The emergency proclamation signed by Gov.
David Ige on April 15, 2018, to provide relief following heavy rains and flooding was extended for the 11th time last month and given
a new Jan. 28 deadline.
The April 14 -18, 2018, storm closed a portion of Kuhio Highway for cleanup and repairs for more than a year, effectively cutting off the island’s north shore communities beyond Waikoko, including Lumahai, Wainiha and Haena. It also halted tourism to popular attractions such as Napali Coast State Wilderness Park, Ha‘ena State Park, Kee Beach, Kalalau Trail, Haena Beach Park and Limahuli Garden and Preserve.
While Kuhio Highway officially reopened June 17, road and bridge work have continued.
State Department of Transportation spokeswoman Shelly Kunishige said temporary closures on Kuhio Highway at Hanalei Hill on Monday and the full nighttime closures of Kuhio at the Waikoko, Waipa and Waioli bridges Monday through Thursday were scheduled to meet the Jan. 28 expiration date.
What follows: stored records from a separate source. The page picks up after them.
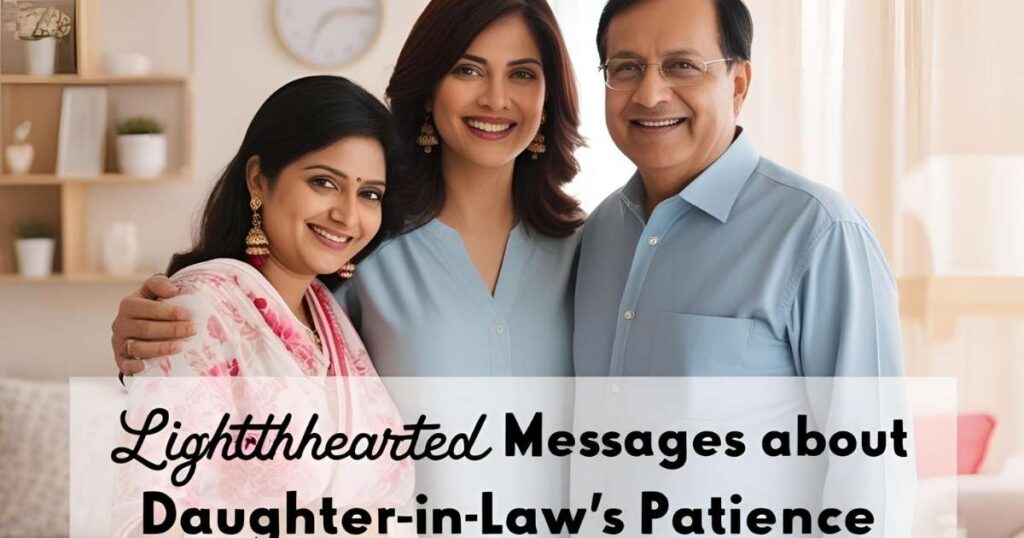 Lighthearted Messages About Daughter-in-Law’s Patience
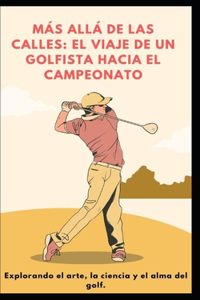 Más Allá de Las Calles: EL VIAJE DE UN GOLFISTA HACIA EL CAMPEONATO: Explorando el arte, la ciencia y el alma del golf.
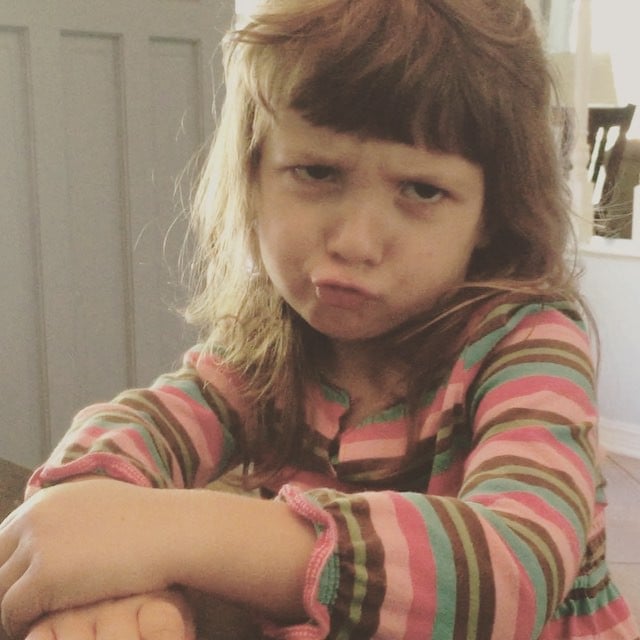 When she was trying to convince her mom she was NOT being funny.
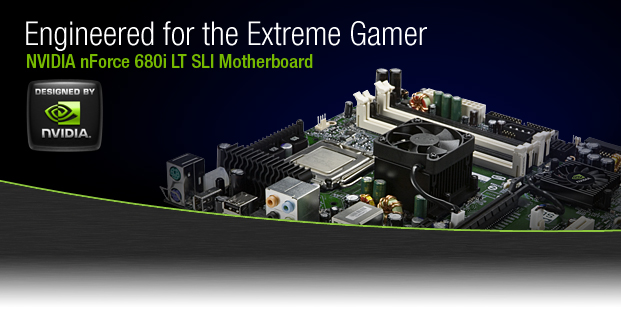 Engineered for the Extreme Gamer: NVIDIA nForce 680i SLI LT Motherboard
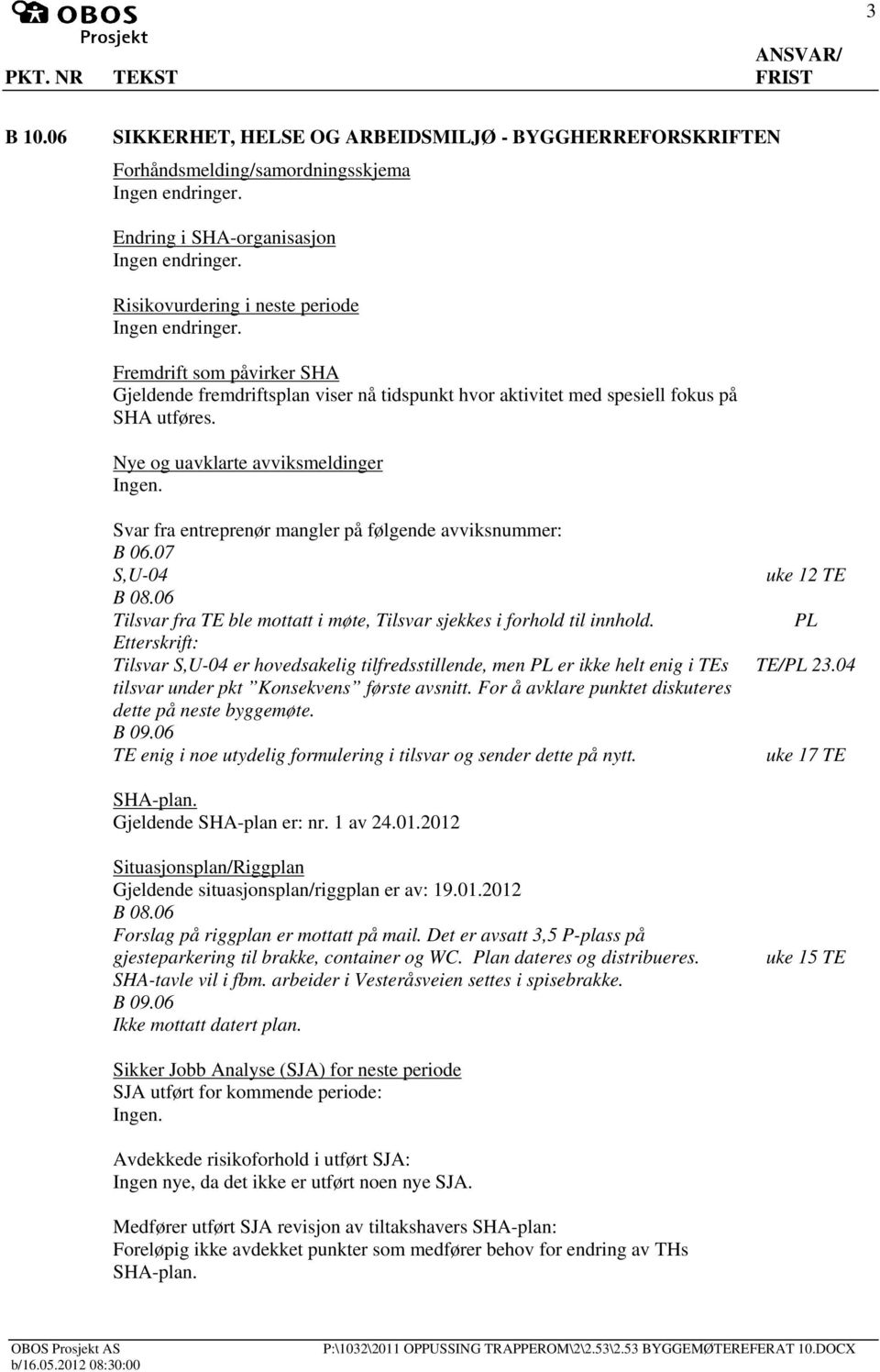 Nye og uavklarte avviksmeldinger Ingen. Svar fra entreprenør mangler på følgende avviksnummer: B 06.07 S,U-04 B 08.06 uke 12 Tilsvar fra ble mottatt i møte, Tilsvar sjekkes i forhold til innhold.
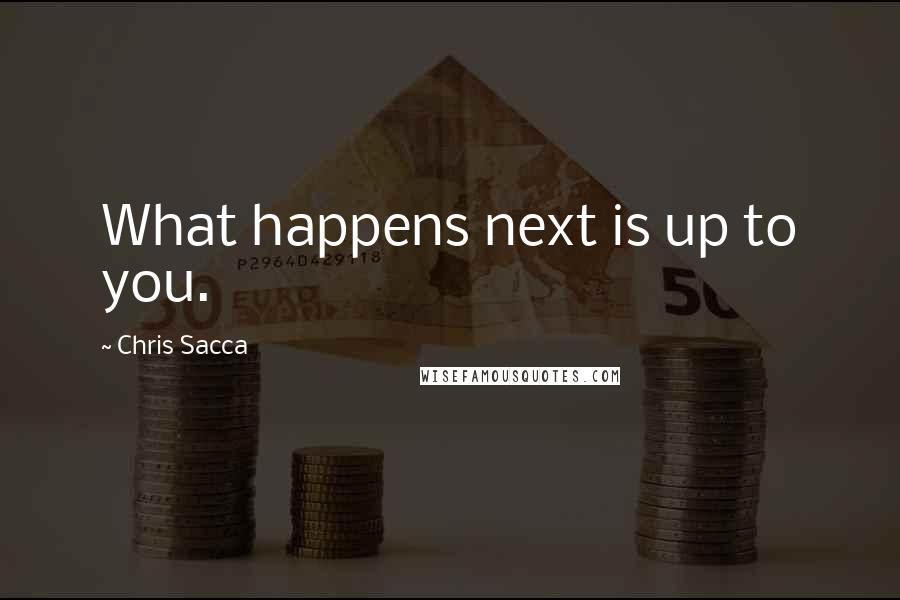 Chris Sacca Quotes: What happens next is up to you.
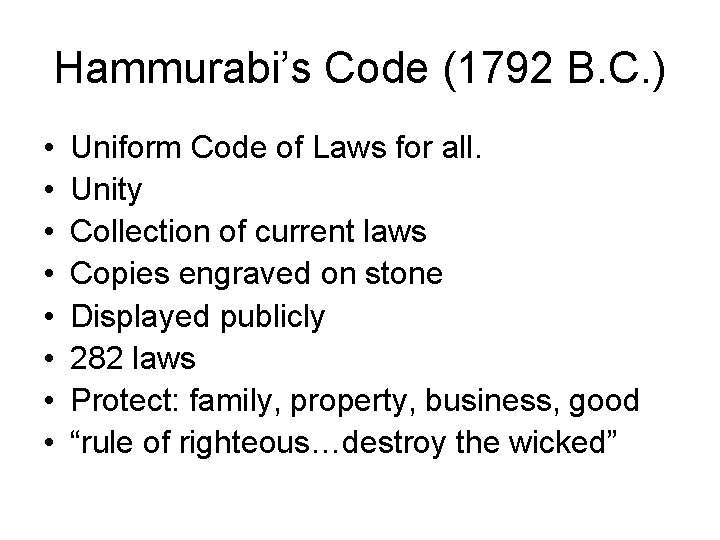 Hammurabi’s Code (1792 B. C. ) • • Uniform Code of Laws for all.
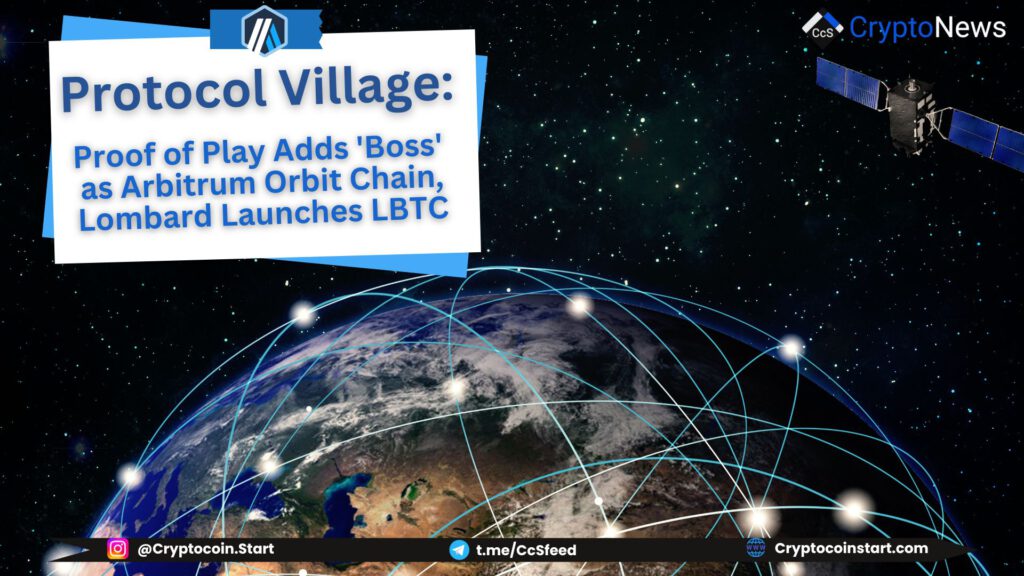 Protocol Village: Proof of Play Adds 'Boss' as Arbitrum Orbit Chain, Lombard Launches LBTC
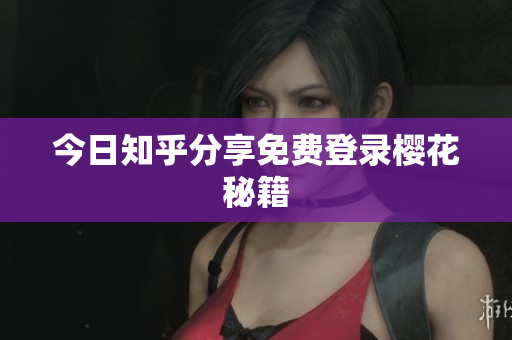 今日知乎分享免费登录樱花秘籍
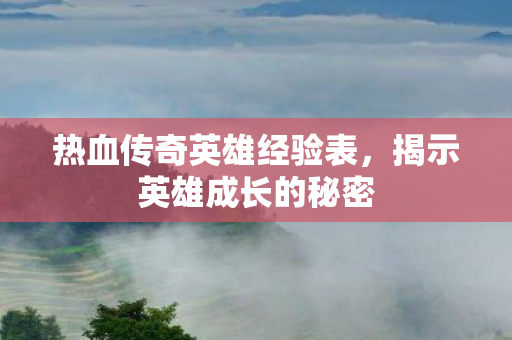 热血传奇英雄经验表,揭示英雄成长的秘密 热血传奇英雄经验表,揭示英雄成长的秘密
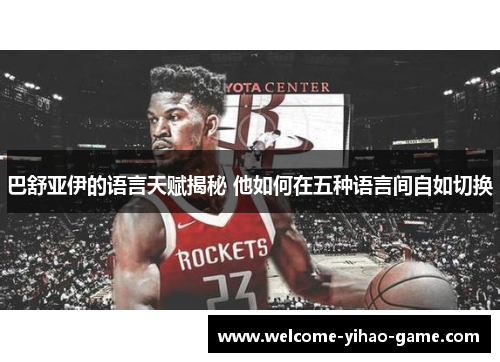 巴舒亚伊的语言天赋揭秘 他如何在五种语言间自如切换 巴舒亚伊的语言天赋揭秘 他如何在五种语言间自如切换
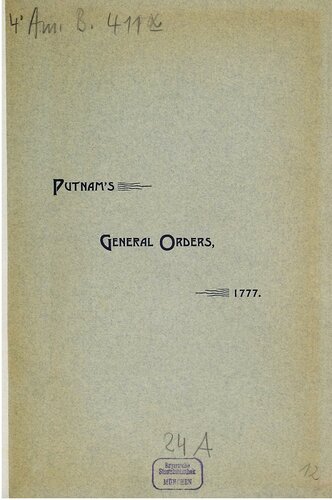 General Orders Issued by Major-General Israel Putnam, when in command of the Highlands, in the summer and fall of 1777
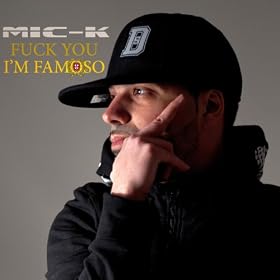 Fuck You I'm Famoso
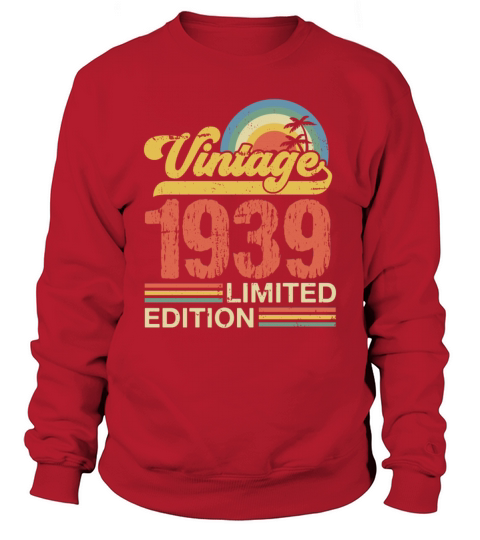 Retro Vintage 1939 Limited Edition Sweatshirt Unisex
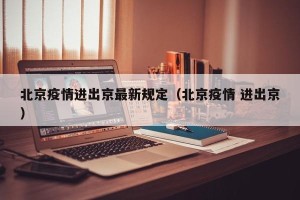 北京疫情进出京最新规定（北京疫情 进出京）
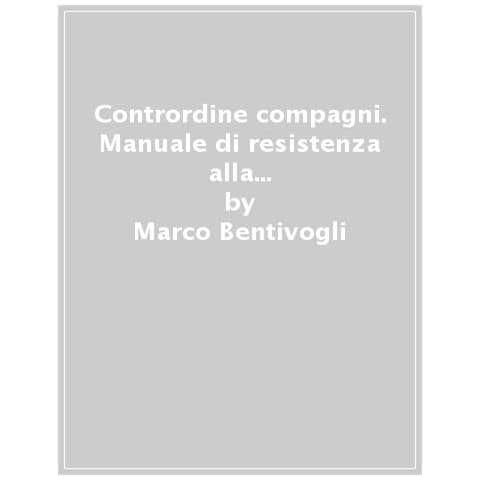 Marco Bentivogli - Contrordine Compagni. Manuale Di Resistenza Alla Tecnofobia Per La Riscossa Del Lavoro E Dell'italia - Foto 1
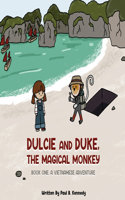 Dulcie and Duke, the Magical Monkey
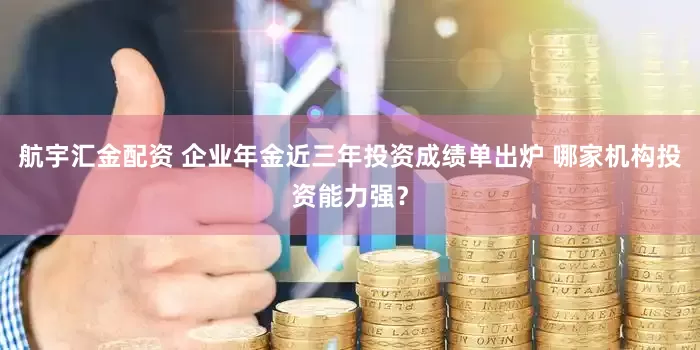 航宇汇金配资 企业年金近三年投资成绩单出炉 哪家机构投资能力强？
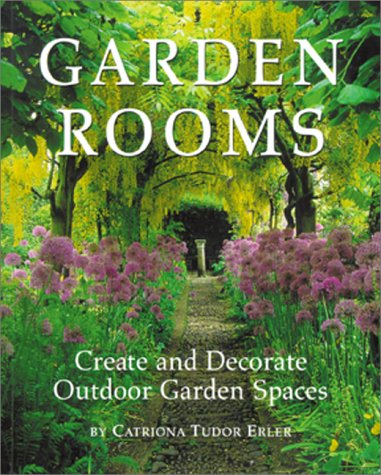 Garden Rooms: Create And Decorate Outdoor Garden Spaces,New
Kunishige said the work was necessary since the state could not schedule night work on the three bridges during shearwater fledgling season, which ran from Sept. 15 to Dec. 15.
Lane closures will be restricted from today through Jan. 2, she said.
“With the work scheduled for this week and the second round of night work on the bridges in early January we anticipate completing these two projects, the slope stabilization and the improvements to the three bridges by the expiration of the proclamation,” she said.
Kunishige said the state received approximately half a dozen complaints related to helicopter lifts associated with the work at Hanalei Hill. But Wainiha resident Juliet Akana said the holiday construction has resulted in far more unhappy people.
“This is the busiest time of the year. They have absolutely no consideration for us at all,” Akana said.
A Hanalei business owner, who asked for anonymity for fear of reprisals, said the holiday road work has brought several of the community’s businesses to the brink of closure.
“So many are just barely holding on,” said the owner. “We were all hoping that holiday business would help us survive.”
Michael Ching, general manager of Ching Young Village, a shopping center that has been in Hanalei since 1982, said businesses there were hard hit during the 2018 flood and most are still about 20% down from 2017.
While some Hanalei businesses took holiday hits during the Hanalei Hill work, Ching said the Dec. 21 to Jan. 2 restriction on lane closures, is a “gift from the state.”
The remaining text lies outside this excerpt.